▶ [Work request]: Make an exact copy, from the records below, of the lines from the line containing "Rødt Lyspanel 3000W" to the line containing "Chirs's - Rice Raw Pulp Day Face Cream - 50g", both lines included, excluding pictures.

━━━ Exercise data

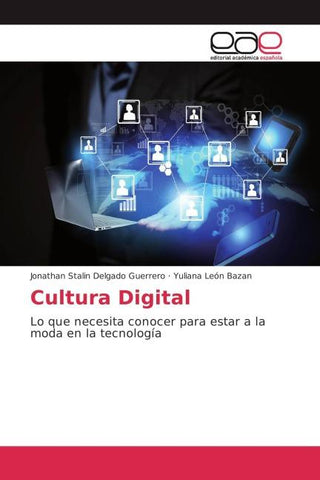 Cultura Digital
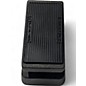 Used Dunlop CBM95 Cry Baby Mini Wah Effect Pedal thumbnail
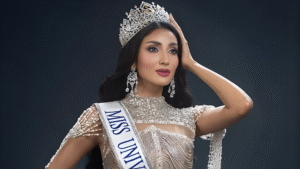 মিস ইউনিভার্সে বাংলাদেশের মিথিলার জ্বলজ্বলে সাফল্য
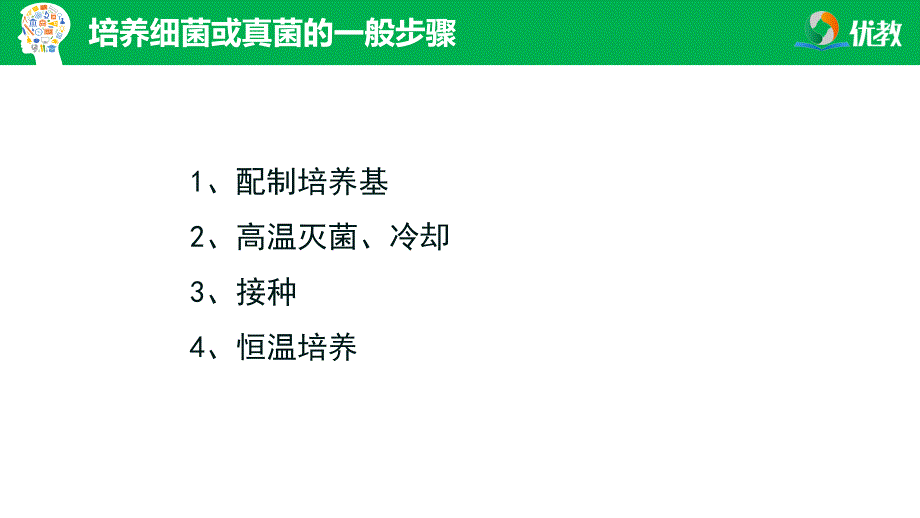 2021-2022学年生物八上《第四章 细菌和真菌》章末复习课件_第4页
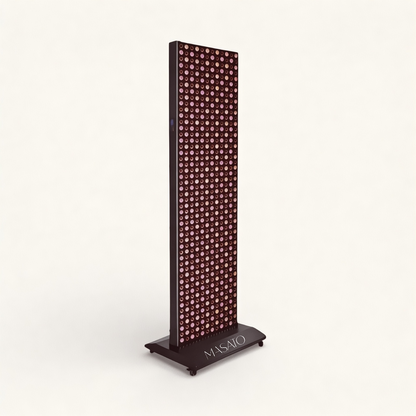 Rødt Lyspanel 3000W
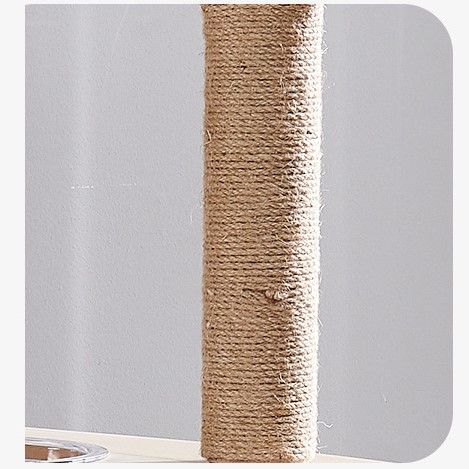 猫グッズ運動不足解消グッズ多段式木製タワー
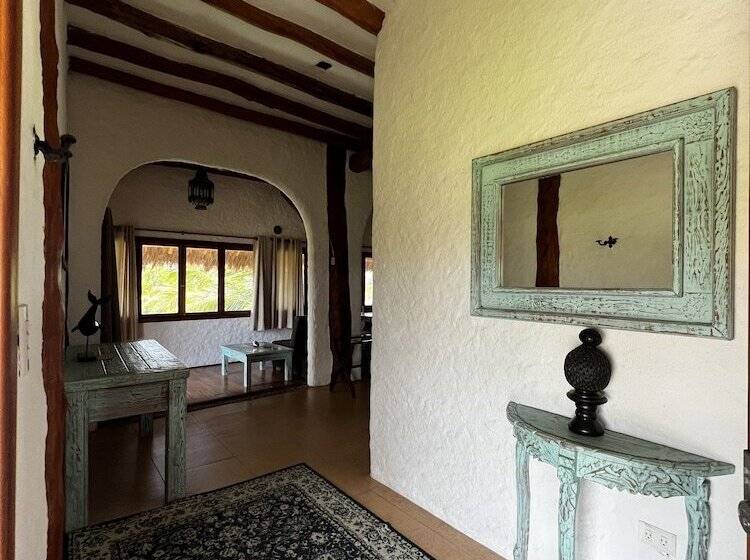 Suite Vista Mar Lateral, Ensueño Holbox & Beach Club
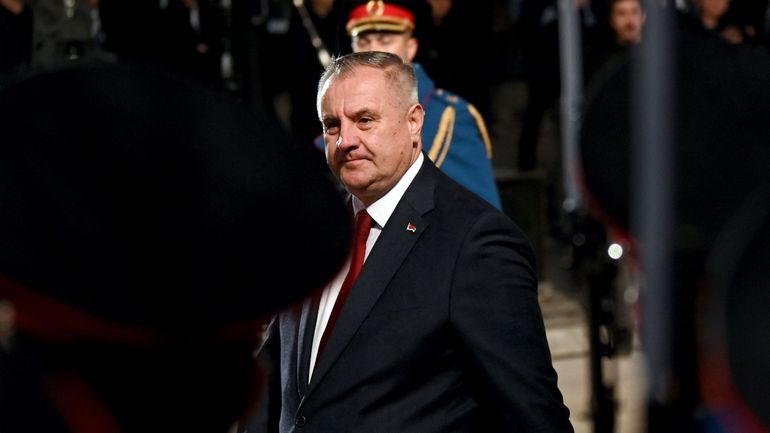Crise politique en Republika Srpska (Serbes de Bosnie) : le Premier ministre démissionne, un nouveau gouvernement doit être formé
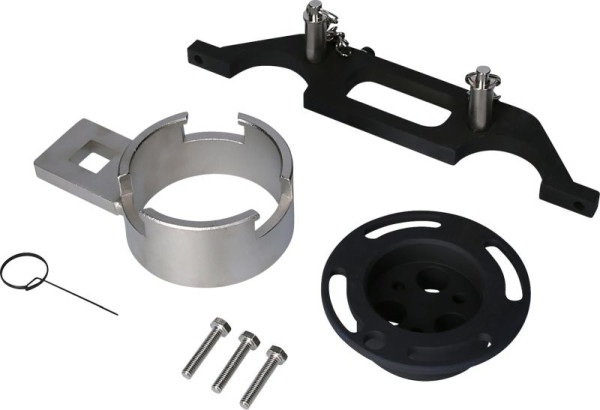 Brilliant Tools motordistributieset voor Opel Vectra, Signum, Zafira, BT594240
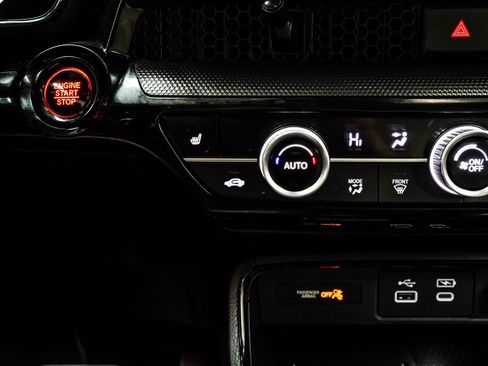 Used 2025 Honda CR-V EX-L image 29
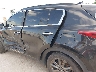 KNDP63AC5L7****** Salvage and Repairable 2020 Kia Sportage in Oklahoma State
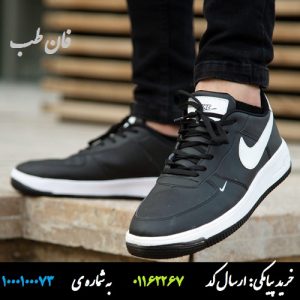 کفش مردانه Nike مدل Mercury (مشکی)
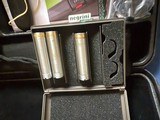 Browning B725 Hunter GR VI 12 Gauge O/U - Pristine in the Case - 17 of 19
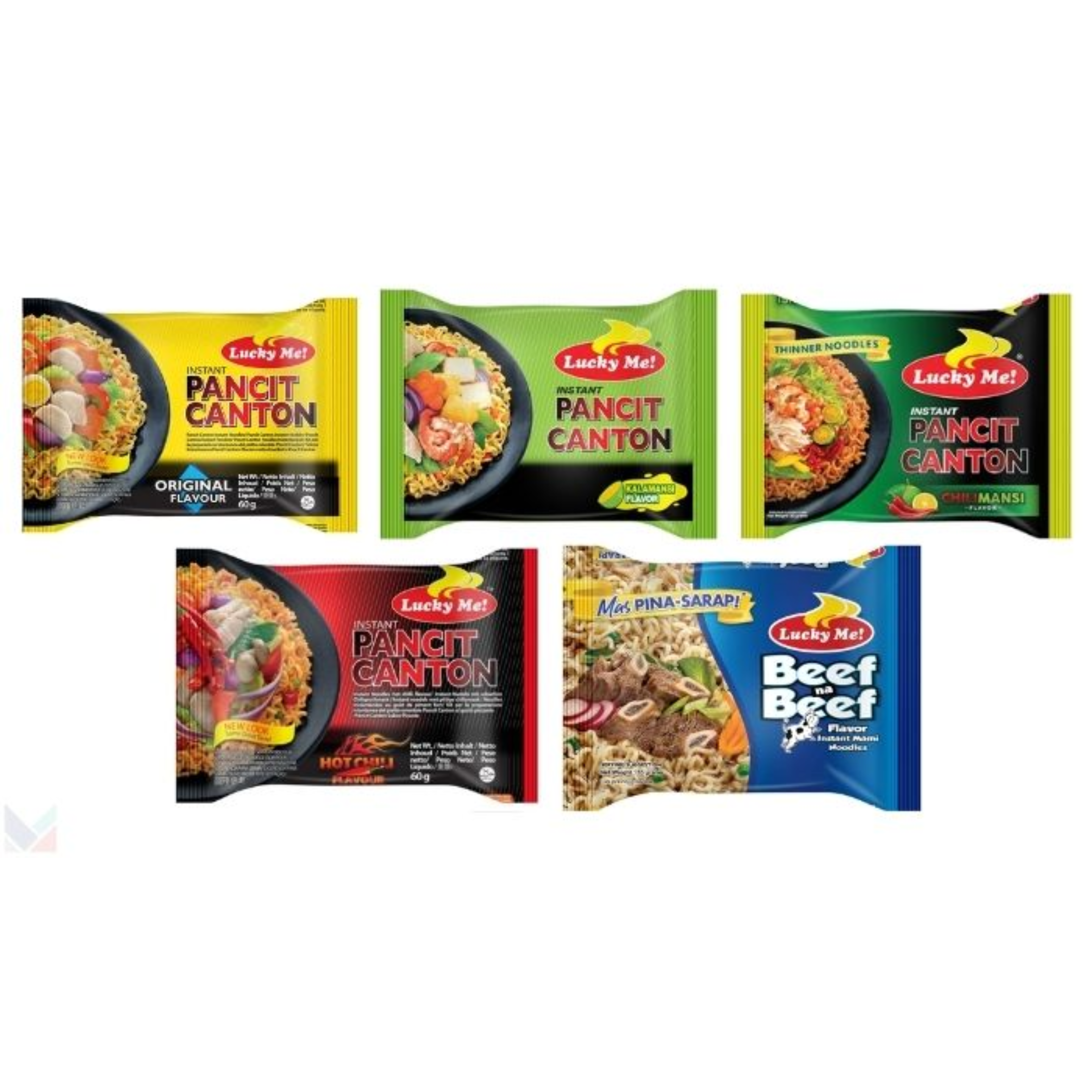 Instant Noodles
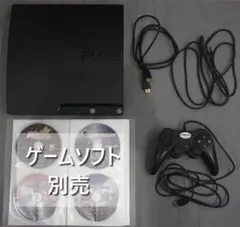 2026年最新】PS3 CECH-2000Aの人気アイテム - メルカリ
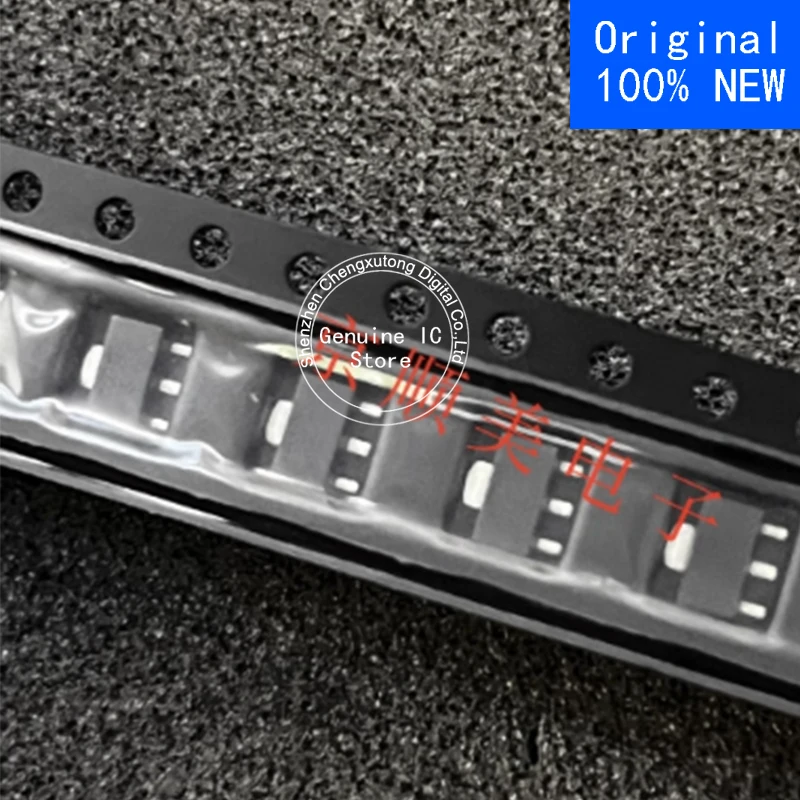 

MD0100N8-G SOT New Original Genuine Ic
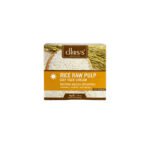 Chirs's - Rice Raw Pulp Day Face Cream - 50g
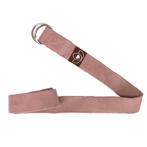 Yoga riem extra lang nude - Lotus, Verzenden, Nieuw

━━━━━━

▶ [Answer area]:
 Rødt Lyspanel 3000W
 猫グッズ運動不足解消グッズ多段式木製タワー
 Suite Vista Mar Lateral, Ensueño Holbox & Beach Club
Crise politique en Republika Srpska (Serbes de Bosnie) : le Premier ministre démissionne, un nouveau gouvernement doit être formé
 Brilliant Tools motordistributieset voor Opel Vectra, Signum, Zafira, BT594240
 Used 2025 Honda CR-V EX-L image 29
 KNDP63AC5L7****** Salvage and Repairable 2020 Kia Sportage in Oklahoma State
 کفش مردانه Nike مدل Mercury (مشکی)
 Browning B725 Hunter GR VI 12 Gauge O/U - Pristine in the Case - 17 of 19
 Instant Noodles
 2026年最新】PS3 CECH-2000Aの人気アイテム - メルカリ

MD0100N8-G SOT New Original Genuine Ic
 Chirs's - Rice Raw Pulp Day Face Cream - 50g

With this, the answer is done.